Fortunate Son

by panchostokes (badwolfrun)



Category: MacGyver (TV 2016)
Genre: Angst, Enemies to Friends, Father-Son Relationship, Gen, Hurt Jack Dalton (MacGyver TV 2016), Hurt/Comfort, Jack Dalton (MacGyver TV 2016) Whump, Other Additional Tags to Be Added, Parent Jack Dalton (MacGyver TV 2016), Parental Jack Dalton (MacGyver TV 2016), enemies to family
Language: English
Status: In-Progress
Published: 2020-07-26
Updated: 2020-07-26
Packaged: 2021-03-06 06:00:27
Rating: Teen And Up Audiences
Warnings: Graphic Depictions Of Violence
Chapters: 1
Words: 2,572
Publisher: archiveofourown.org
Story URL: https://archiveofourown.org/works/25528579
Author URL: https://archiveofourown.org/users/badwolfrun/pseuds/panchostokes
Summary: Jack finds out about a son he never knew he had, and tries to repair the relationship he wasn't aware was even broken to begin with.
Relationships: Jack Dalton (MacGyver TV 2016) & Original Male Character(s), Sarah Adler/Jack Dalton (MacGyver TV 2016)
Comments: 14
Kudos: 13





	Fortunate Son

**Author's Note:**

  * For [deltajackdalton](https://archiveofourown.org/users/deltajackdalton/gifts).



> Thanks to a gif of tyler hoechlin from the show "teen wolf" (which, at this time, I have never actually seen) and a discussion held with the lovely deltajackdalton, I present to the world this fic about Jack trying to repair a relationship with a son he never knew he had, with the promise of all the angst, fluff, whump and family feels that I can give! I hope you enjoy, tags will be updated as things the fic unfolds!

He doesn’t dream often, but when he does, it’s a dream he’s had for as long as he could remember.

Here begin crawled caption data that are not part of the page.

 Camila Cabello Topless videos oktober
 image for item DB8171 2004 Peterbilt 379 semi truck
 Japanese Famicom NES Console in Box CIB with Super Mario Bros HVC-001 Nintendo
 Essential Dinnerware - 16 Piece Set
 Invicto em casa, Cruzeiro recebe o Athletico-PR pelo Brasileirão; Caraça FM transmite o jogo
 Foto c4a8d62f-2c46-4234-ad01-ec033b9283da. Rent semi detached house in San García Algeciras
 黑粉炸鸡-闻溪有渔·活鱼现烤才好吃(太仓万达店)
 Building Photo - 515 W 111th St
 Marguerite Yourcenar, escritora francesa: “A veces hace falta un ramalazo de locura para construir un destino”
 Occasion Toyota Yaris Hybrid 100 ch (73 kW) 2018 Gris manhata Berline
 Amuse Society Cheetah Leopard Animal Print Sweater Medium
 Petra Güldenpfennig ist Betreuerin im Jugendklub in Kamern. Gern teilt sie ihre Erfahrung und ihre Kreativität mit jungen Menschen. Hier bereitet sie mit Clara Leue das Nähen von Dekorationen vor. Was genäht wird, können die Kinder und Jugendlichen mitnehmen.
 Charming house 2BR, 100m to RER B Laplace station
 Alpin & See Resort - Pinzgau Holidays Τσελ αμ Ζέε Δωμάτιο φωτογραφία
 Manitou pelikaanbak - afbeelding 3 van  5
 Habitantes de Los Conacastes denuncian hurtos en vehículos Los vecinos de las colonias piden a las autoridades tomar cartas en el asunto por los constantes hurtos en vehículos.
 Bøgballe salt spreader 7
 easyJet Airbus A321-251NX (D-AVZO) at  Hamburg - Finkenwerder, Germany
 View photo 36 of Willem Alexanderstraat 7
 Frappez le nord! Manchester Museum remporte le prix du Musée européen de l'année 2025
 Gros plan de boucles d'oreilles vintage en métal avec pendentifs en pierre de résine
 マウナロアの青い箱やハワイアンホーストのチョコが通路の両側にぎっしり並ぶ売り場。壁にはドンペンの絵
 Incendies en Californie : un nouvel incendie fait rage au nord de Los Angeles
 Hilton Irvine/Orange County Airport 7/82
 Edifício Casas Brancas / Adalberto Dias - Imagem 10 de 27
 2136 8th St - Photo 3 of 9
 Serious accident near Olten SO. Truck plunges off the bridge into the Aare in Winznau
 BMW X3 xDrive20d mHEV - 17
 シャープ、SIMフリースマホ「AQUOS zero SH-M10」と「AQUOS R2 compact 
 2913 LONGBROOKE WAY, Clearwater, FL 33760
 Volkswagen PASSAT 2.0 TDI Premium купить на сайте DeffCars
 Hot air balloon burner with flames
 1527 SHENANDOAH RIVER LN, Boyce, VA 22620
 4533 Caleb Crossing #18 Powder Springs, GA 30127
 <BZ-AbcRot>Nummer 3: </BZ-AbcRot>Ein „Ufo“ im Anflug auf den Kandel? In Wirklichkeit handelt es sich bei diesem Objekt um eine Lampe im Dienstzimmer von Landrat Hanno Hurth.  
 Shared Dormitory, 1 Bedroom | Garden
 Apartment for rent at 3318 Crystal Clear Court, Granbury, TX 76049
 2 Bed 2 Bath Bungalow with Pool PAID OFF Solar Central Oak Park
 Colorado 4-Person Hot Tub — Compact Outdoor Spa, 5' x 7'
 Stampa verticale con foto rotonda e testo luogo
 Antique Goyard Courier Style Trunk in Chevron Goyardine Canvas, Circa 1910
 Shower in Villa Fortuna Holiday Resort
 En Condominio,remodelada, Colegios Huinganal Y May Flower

He’s sitting in the backseat of a convertible, driving down a seemingly endless stretch of road through the crisp, rapid air underneath a golden twilit sky. The color scheme and seat pattern of the car is identified in his mental encyclopedia of classic cars as a Pontiac GTO, an older model, perhaps from the seventies--but one that is well taken care of, not a stain or scratch in sight. 

There’s a man in the driver’s seat, a woman in the passenger’s. The waning sun seems to hide too many details of their outward appearance, they talk with no distinctive voices that he can discern. Based on the limited glimpse of a profile he gets of them, he feels no recognition towards them, just complete strangers.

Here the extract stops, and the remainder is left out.